Kegiatan yang berlangsung di Kabupaten Manggarai, Manggarai Barat, dan Manggarai Timur ini muncul akibat keprihatinan terhadap maraknya kegiatan tambang yang merusak. Pertengahan 2008 lalu, Justice, Peace Integrity of Creation (JPIC) OFM Jakarta dan JPIC SVD Ruteng mengadakan penelitian mengenai kegiatan pertambangan di Manggarai. Mereka menemukan bahwa tambang memberikan pengaruh buruk kepada lingkungan. Sejumlah lokasi tambang berada dan merusak keberadaan hutan lindung. Tambang juga merusak lahan dan irigasi pertanian sehingga panen petani menurun drastis dan masyarakat di sekitar lokasi tambang menjadi lebih miskin.
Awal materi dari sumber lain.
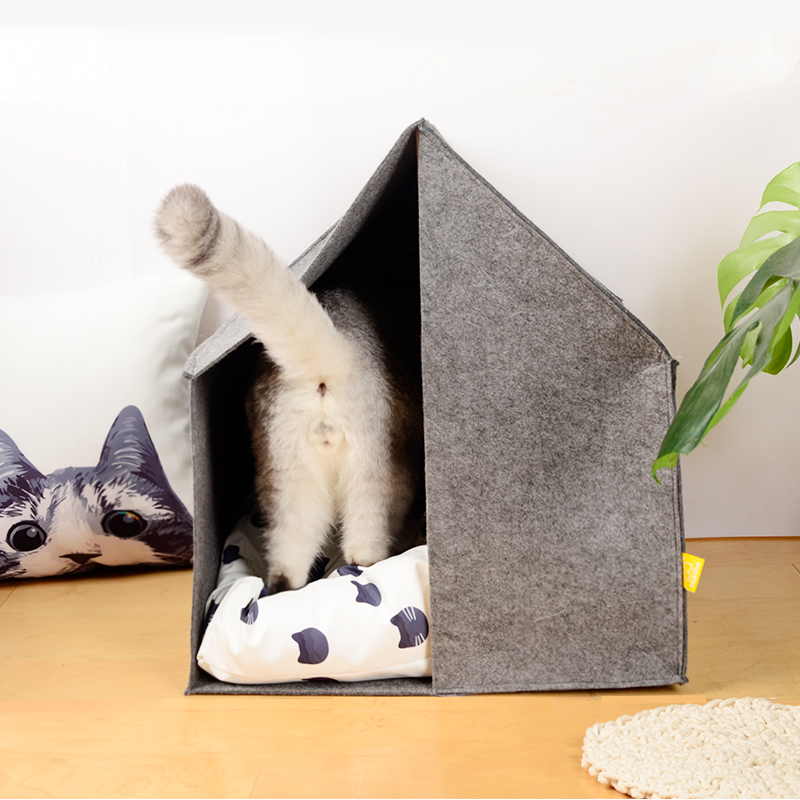 MIAOHO猫咪小型狗房子毛毡猫窝柔软舒适美观大方宠物屋简洁设计在类目 宠物/宠物食品及用品, 猫/狗日用品, 窝/屋/帐篷中 - 来自Buy2taobao.com提供专业的淘宝代购服务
Penambangan emas di wilayah Batu Gosok yang berada di pinggir laut bahkan mencemari penangkaran benih ikan masyarakat di sekitarnya. Hal tersebut tidak sebanding dengan kontribusi tambang terhadap Pendapatan Asli Daerah (PAD) yang hanya Rp. 66,4 juta per tahun.

“Dulu saat saya masih kecil, Flores, terutama Flores Barat masih sangat asri. Wilayahnya yang bergunung-gunung di tumbuhi berbagai tanaman. Beda dengan sekarang, dimana-mana gersang dan muncul banyak lubang,” kata Samuel Sam dari SATUNAMA yang terlibat program advokasi ini.

Sebelum melakukan kegiatan advokasi tambang, JPIC SDV Ruteng mengidentifikasi pihak-pihak yang akan terlibat dan tokoh-tokoh masyarakat yang akan mengorganisir masyarakat di sekitar wilayah tambang. Muncul143 orang dari kalangan tokoh masyarakat, JPIC SDV dan OFM, Pastor Paroki dan LSM di lokasi-lokasi sekitar tambang menyatakan komitmennya untuk terlibat dalam program ini.

Untuk menjaga keberlanjutan program, tanggal 20 dan 21 November 2009 lalu muncul pertemuan persiapan program yang dihadiri oleh 26 orang dari JPIC SDV, pastor paroki, dan tokoh-tokoh masyarakat. Pertemuan tersebut menyepakati adanya 20 titik pendampingan untuk advokasi. Selain itu, muncul kesepakatan mengenai adanya pelatihan mengenai bahaya tambang dan calon narasumbernya. “November lalu, kami mengadakan pertemuan untuk membahas rencana ke depan advokasi tambang. Kami sepakat untuk memfasilitasi pelatihan dan pencerahan di 20 titik lingkar tambang. Kami juga menyepakati materi pelatihan, narasumber, jadwal, dan kontribusi in kind dari masyarakat untuk penyelenggaraan pelatihan,” tutur Samuel Sam.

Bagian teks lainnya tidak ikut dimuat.